The task: Below is a listing. Set down exactly the lines from the one containing "a dining room" through the one containing "2cm and 40cm. 1.45g total weight.", both ends included, and leave out the rest.
Information supplied Block Start
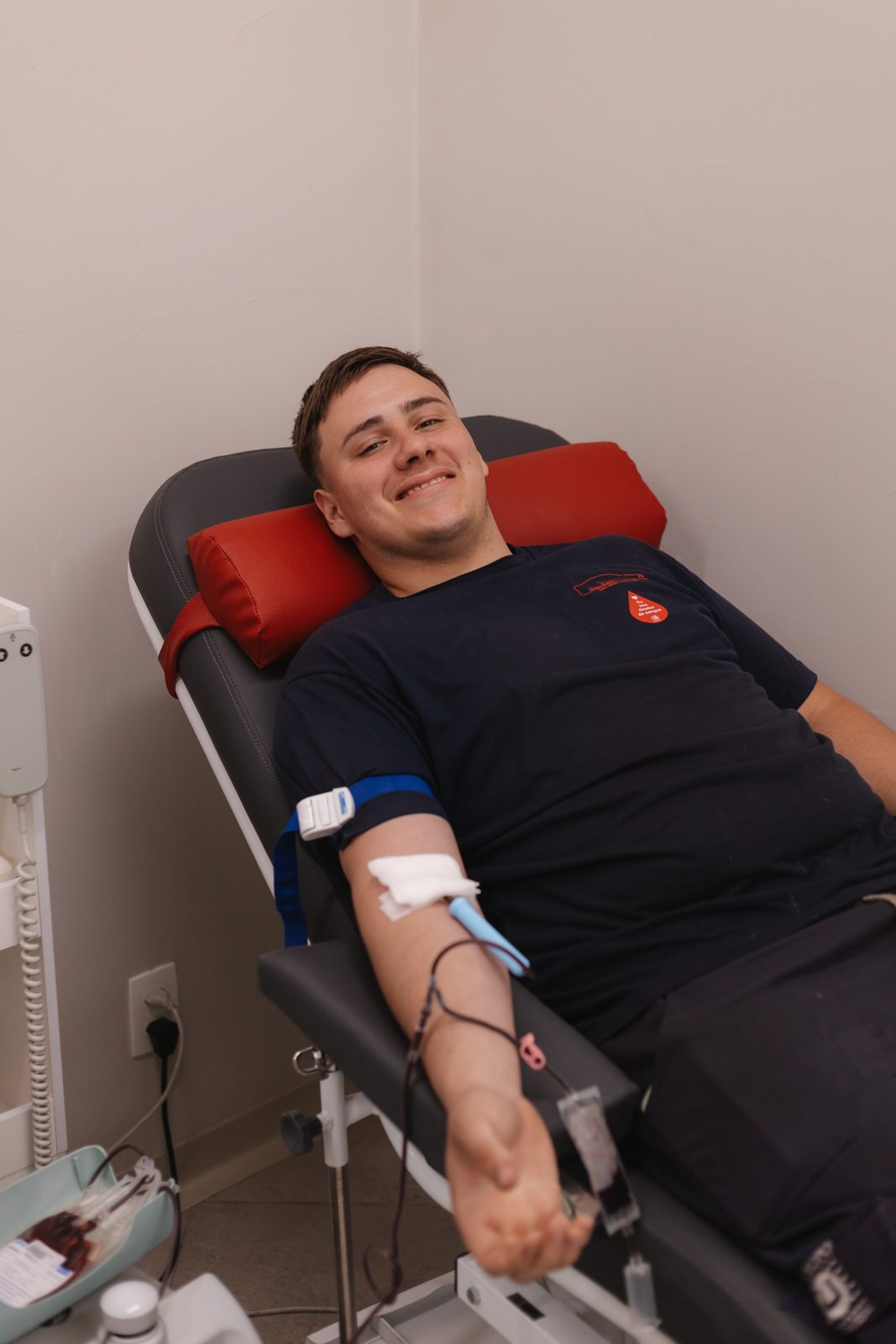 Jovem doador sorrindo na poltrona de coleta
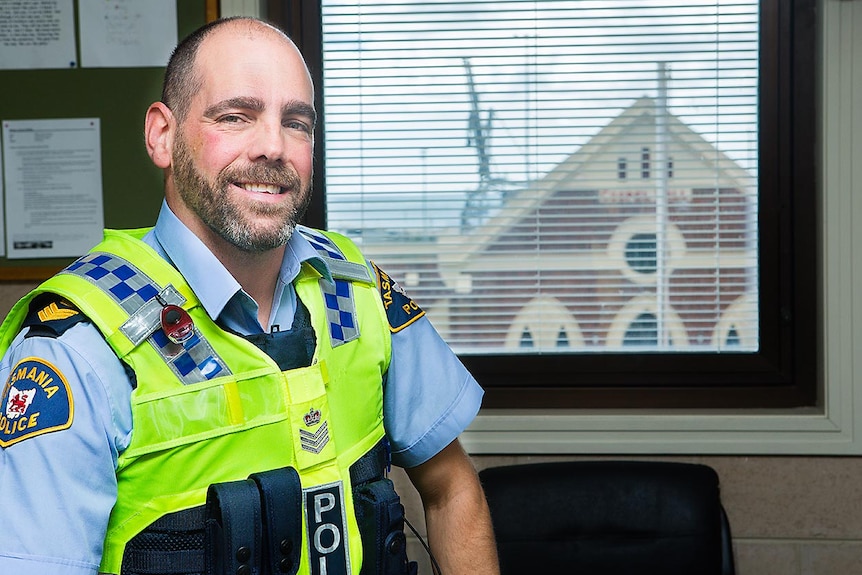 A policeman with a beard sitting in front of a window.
Information supplied Block End
Information supplied Block Start
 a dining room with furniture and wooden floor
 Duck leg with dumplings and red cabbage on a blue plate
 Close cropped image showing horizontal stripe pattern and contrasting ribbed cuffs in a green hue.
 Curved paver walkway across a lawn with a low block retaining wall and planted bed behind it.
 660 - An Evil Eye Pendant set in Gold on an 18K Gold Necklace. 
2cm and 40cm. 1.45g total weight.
Information supplied Block End
Task result:
 a dining room with furniture and wooden floor
 Duck leg with dumplings and red cabbage on a blue plate
 Close cropped image showing horizontal stripe pattern and contrasting ribbed cuffs in a green hue.
 Curved paver walkway across a lawn with a low block retaining wall and planted bed behind it.
 660 - An Evil Eye Pendant set in Gold on an 18K Gold Necklace. 
2cm and 40cm. 1.45g total weight.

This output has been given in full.